To avoid a ban of your IP you must declare it in /etc/portsentry/portsentry.ignore.static

# /etc/portsentry/portsentry.ignore.static
#
# Keep 127.0.0.1 and 0.0.0.0 to keep people from playing games.
# Put hosts in here you never want blocked. This includes the IP addresses
# of all local interfaces on the protected host (i.e virtual host, mult-home)
# Keep 127.0.0.1 and 0.0.0.0 to keep people from playing games.
#
# Upon start of portsentry(8) via /etc/init.d/portsentry this file
# will be merged into portsentry.ignore.
#
# PortSentry can support full netmasks for networks as well. Format is:
#
# <IP Address>/<Netmask>
#
# Example:
#
# 192.168.2.0/24
# 192.168.0.0/16
# 192.168.2.1/32
# Etc.
#
# If you don't supply a netmask it is assumed to be 32 bits.
#
#
127.0.0.1/32

Start the daemon and if he start succesful you can activate the service for the next boot.
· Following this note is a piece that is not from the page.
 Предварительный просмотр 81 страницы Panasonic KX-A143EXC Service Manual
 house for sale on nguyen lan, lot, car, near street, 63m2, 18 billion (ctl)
systemctl start portsentry.service
systemctl enable portsentry.service

Normally everything should be works fine you can check the result by following systemctl status portsentry.service or by checking your syslog.

Unban one client or your ip

If you got an error try to delete your ip

 /sbin/route del -host $YourIP reject

And delete it from host.deny

sed -i -e "s/$YourIP//" /etc/hosts.deny

These steps is enough to unban your ip.

In case where you have more security system already running check on every service where you get banned.

Trap the intruders

The concept to trap intruders with portsentry is to create on one or multi ports an access trough our firewall. Even if we don't have the service the goal is to trap the intruders.

Often the kiddies who try to hack you scan the same ports, generaly 21 ftp / 22 ssh / 23 telnet / 445 SMB-CIFS-AD windows.

In our case we don't use the default port for our services so we use 21,22 & 445 to trap these kiddies...

# Create rules in your firewall
iptables -A INPUT -p tcp -m multiport -dports 21,22,445 -j ACCEPT

# Restart the service to get new rules
systemctl restart iptables.service

# Keep your rules activ after the restart of your machine.
iptables-save > ~/iptables.rules

With the configuration of portsentry seen above and this trap you can check the log and laugh about these kiddies.